The technology sector gained nearly +18% in April, but the gap between its strongest and weakest corners was wide. The divergence is being driven by artificial intelligence, which is simultaneously fueling demand in one part of the sector and raising fundamental questions about another. AI requires massive upfront investment to build and operate, including computer chips, data centers, power generation, and networking equipment. The companies that build the infrastructure are seeing a surge in demand as the physical backbone behind AI is constructed. At the same time, AI is advancing to the point where it can perform tasks that traditionally require human users interacting with software. AI agents, automated systems that can handle workflows like customer service, data entry, and internal reporting, are raising questions about the future of enterprise software.

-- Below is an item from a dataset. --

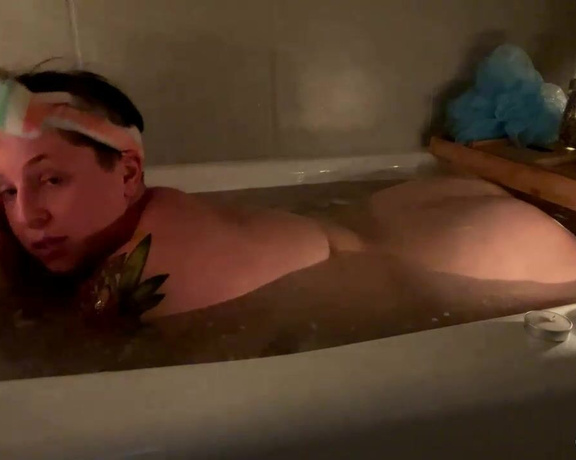 QTsnack aka qtsnack OnlyFans - My impromptu bath livestream enjoy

The divergence could be seen in markets during April. Semiconductor stocks, which sell computer chips, rose more than +40% over 17 consecutive trading days, the longest uninterrupted winning streak for the group dating back to the early 1990s. Semiconductor funds absorbed $5.5 billion in new investment during the month, and earnings results from major chipmakers confirmed that infrastructure spending is translating into revenue growth. Enterprise software moved in the opposite direction. Several of the largest names in the industry have declined more than -30% this year, and the selling has even hit companies that beat earnings estimates and raised their forward guidance. The divergence comes as the market works through which business models AI will enhance and which it will disrupt. It's a question likely to define not only the technology sector but also the broader market for some time.